Меж тем Бенкендорф звал в свое ведомство едва ли не „всех“ и особенно рад был вчерашним вольнодумцам, которые — он знал — умнее, живее своих косноязычных антиподов, да и служить будут лучше, коли пошли. Как-то незамеченным остался красочный эпизод — приглашение Пушкину служить в III отделении: „Бенкендорф… благосклонно предложил [Пушкину] средство ехать в армию. Какое? — спросил Пушкин. Бенкендорф ответил: Хотите, я вас определю в мою канцелярию и возьму с собой? — В канцелярию III отделения! Разумеется, Пушкин поблагодарил и отказался от этой милости“ (из записной книжки приятеля поэта, Николая Путяты).
Заметим: этот разговор происходит в 1829 году, то есть как раз в тот период когда III отделение искало „лучших людей“.
Леонтий Дубельт, однако, летом 1830 года — уже близкий к Бенкендорфу человек, и к этому времени относится эпизод, доселе неизвестный и для той ситуации до удивления характерный. Вероятно, по своей инициативе и, конечно, с одобрения высокого начальства Дубельт пишет старинному другу, декабристу Михаилу Федоровичу Орлову, сосланному в деревню и избежавшему Сибири только благодаря заступничеству перед царем своего родного брата, Алексея Орлова, влиятельнейшего вельможи (будущего преемника Бенкендорфа). В архиве сохранилась жандармская копия ответного письма Орлова к Дубельту (12 июля 1830 года из деревни Милятино). Поскольку переписка чиновников III отделения не перехватывалась, то весьма вероятно, что, копию „по начальству“ представил сам Дубельт.
Вот письмо:
„Любезный Дубельт. Письмо твое от 30 мая получил. Я уже здесь в Милятине, куда я возвратился очень недавно. После смерти Николая Николаевича {22} я жил с женой и детьми в Полтаве, где и теперь еще недели на три оставил жену мою, а детей привез сюда. Очень рад, мой друг, что ты счастлив и доволен своею участию. Твое честное и доброе сердце заслуживает счастья. Ты на дежурном деле зубы съел и следственно полагаю, что Бенкендорф будет тобою доволен.

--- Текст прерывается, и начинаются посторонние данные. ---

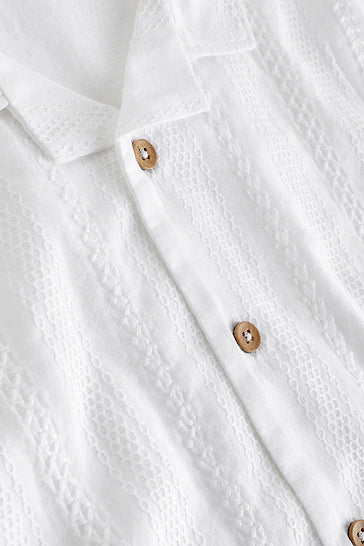 |Boy| Camisa Branca Texturizada De Mangas Curtas (3 Meses - 7 Anos)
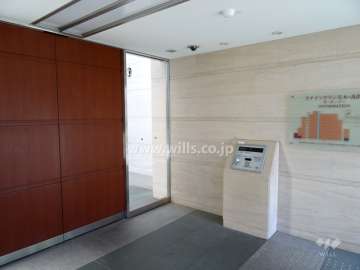 エントランスはオートロック付きです。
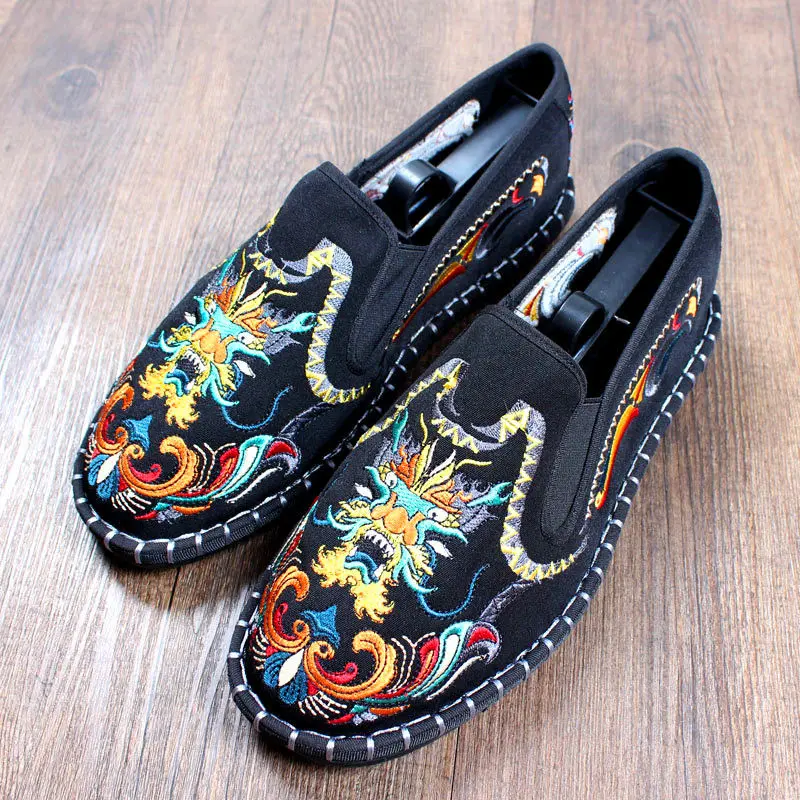 Old Beijing Work Shoes Men's Casual Cloth Shoes Autumn and Winter Ghost Facial Makeup Chinese-style Embroidered Shoes Male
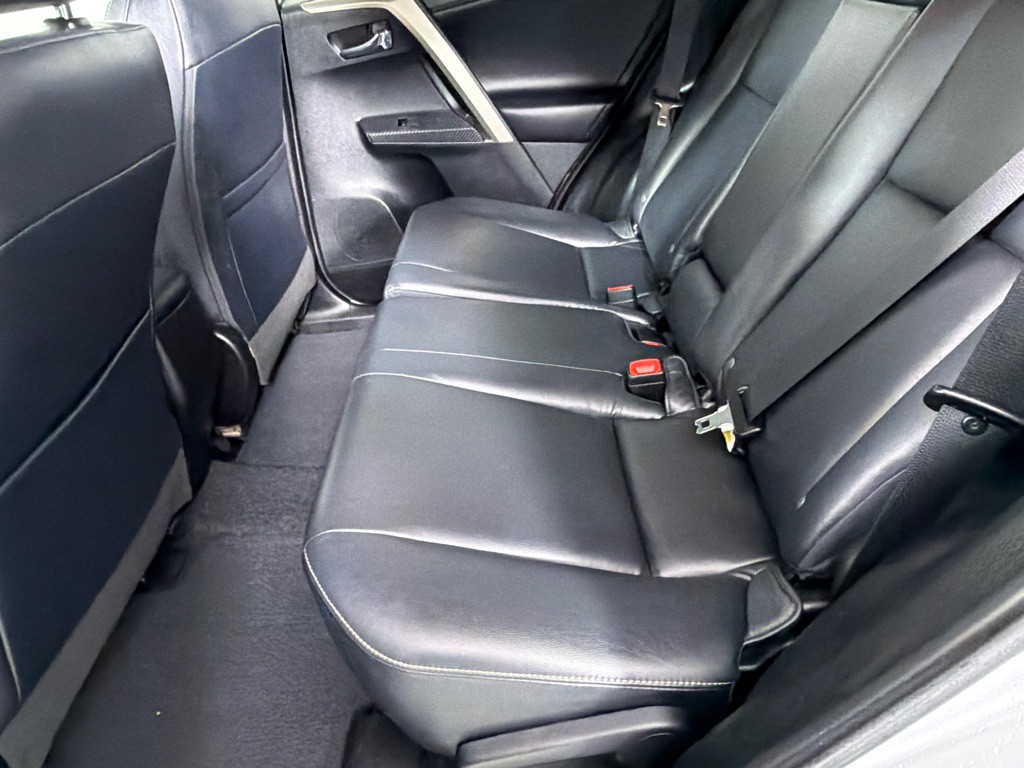 2015 Toyota Rav4 Image 21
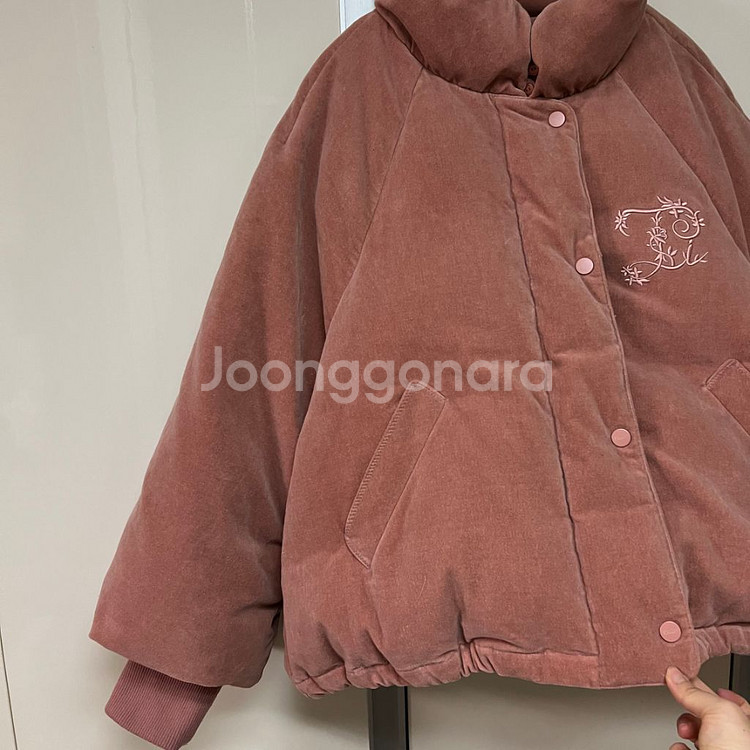 써스데이아일랜드 공효진 벨벳 숏패딩 오리털 다운 점퍼--7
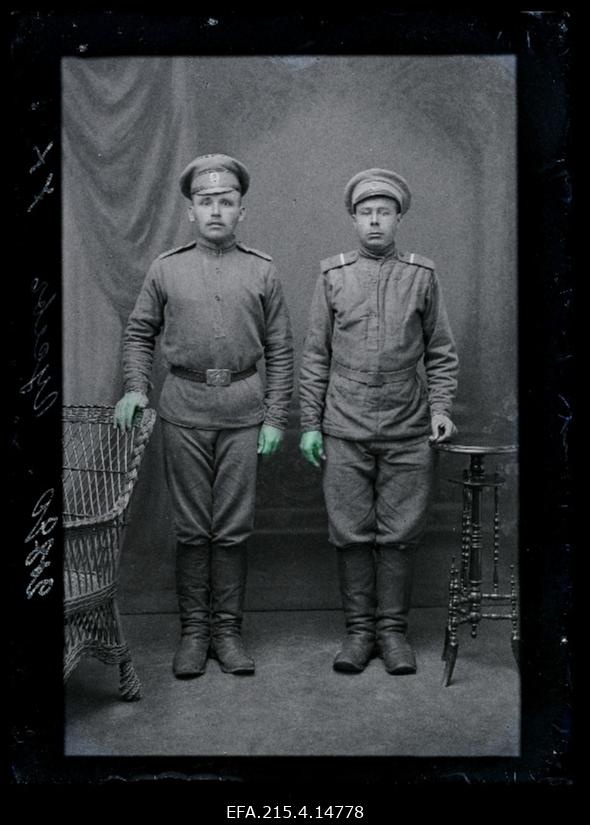 Kaks sõjväelast, (foto tellija Guseff [Gusev, Gussev]).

А. Ф. Воейкову {23} я отвечаю — нет! Не хочу выходить на поприще литературное и ни на какое! Мой век протек, и прошедшего не воротишь. Да мне и не к лицу, и не к летам, и не к политическому состоянию моему выходить на сцену и занимать публику собою. Я счастлив дома, в кругу семейства моего, и другого счастия не ищу. Меня почитают большим честолюбцем, а я более ничего как простой дворянин. Ты же знаешь, что дворяне наши, особливо те, которые меня окружают, не великие люди! Итак, оставьте меня в покое с вашими предложениями и поверьте мне, что с некоторою твердостию души можно быть счастливым, пахая землю, стережа овец и свиней и делая рюмки и стаканы из чистого хрусталя.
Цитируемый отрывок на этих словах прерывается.